System one is, but advertisers could always roll their own and see if they can get away with "you can only view this content if you give us permission to use your camera".
At least on iOS, I can't imagine that happening - apps are not allowed to demand you grant permissions unrelated to the actual functionality. From App Review Guidelines (5.1.1) Data Collection and Storage, (ii) Access:
> Apps must respect the user’s permission settings and not attempt to manipulate, trick, or force people to consent to unnecessary data access. For example, apps that include the ability to post photos to a social network must not also require microphone access before allowing the user to upload photos.
Lots of iOS apps today really want to mine your address book, and constantly spam you with dialogs to enable it, but they don't go as far as disabling other features until you grant them access, because they'd get rejected once someone noticed.
Fortunately apps in the EU don’t have to pass though Apple’s anticompetitive review process, so developers are free to ignore that rule if they simply distribute the app via an alternative store.
Unfortunately, poor Americans cannot taste the freedom that Europeans have to be abused by developers.
It's not that hard to come with ways to circumvent system restrictions, after all, advertisers are a fierce adversary and have shown many clever ways of invading users privacy in web browsers and mobile apps. In the case of eye tracking I could see a situation where the system perhaps feeds the "malicious" app in question with a hint of which widget is being currently gazed by the user. You could then just build a giant grid of invisible widgets covering the whole app window and use that to reconstruct the all the eye tracking happening inside your app.
This is not about technical restrictions and finding weird legal loopholes, Apple's guidelines don't work that way. It's the spirit that matters, not the letter.
If you look at the current things the EU has forced them to open up (app distribution and NFC payments), both of them are things that Apple was already actively monetizing.
To compare this to a non-monetized accessibility feature is a bit disingenuous.
The whole notion of ‘fairness’ is that gatekeepers should allow others to compete on even footing. That can be fulfilled by granting EITHER everybody OR nobody access to the market (but not: only yourself).
Fifteen million merits is maybe the least about the future of any Black Mirror episode. It reads best as entirely a comment on the society we already have.

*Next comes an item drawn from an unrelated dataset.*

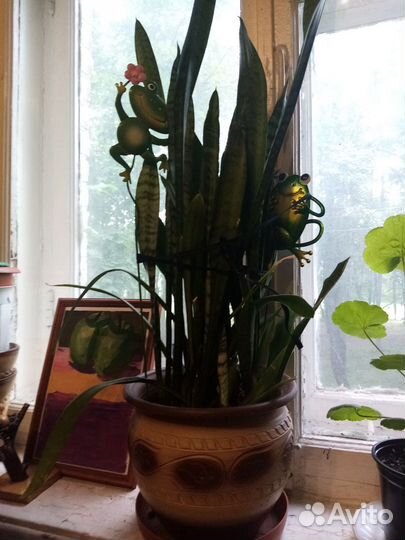 Сансевиерия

A big clue is that the world in it doesn’t make a ton of internal sense and the episode makes absolutely no effort to smooth that over. The questions it raises and leaves open without even attempting an answer are on purpose. You’re supposed to go “god, bicycling to make little pellets? Just to buy useless trash? God, why? It’s so pointless,” or, “they truly look down on and are mean to the people who get demoted, even though they’re basically guaranteed to end up that way someday, when their health or good fortune run out? Just cruelty for no reason that’s highly likely to hit them some day, too? That’s insane!”
… because actually it’s about now (or, the year it came out) and the point is to get you to connect the dots and realize we’re doing the same crap and just don’t notice. It’s only “sci fi” as some sleight of hand to give you an alien’s eye view of our own actual society as a way to prompt reflection. The core story of the corruption of a “revolutionary” to serve the purposes of the system is some bog-standard media studies stuff pertaining to today, not sci fi. The reveal that they could just fucking stop all this and go outside, it’s not some alien world or a post apocalypse after all is yet another thing that’s supposed to make you go “what’s wrong with them? Oh. Right. It’s us.”[1]
Long winded way to say: we can’t “end up” at Fifteen Million Merits future-world, because it’s just our own world we’re already in.
[1] Some read the final scene as depicting yet another viewscreen, but this is such a wildly weaker reading as far as the how effective the scene is that I can’t believe it’s intended that way.
Shit. I’m turning into one of those negative downers. I’m sorry. I’ve had too much internet today.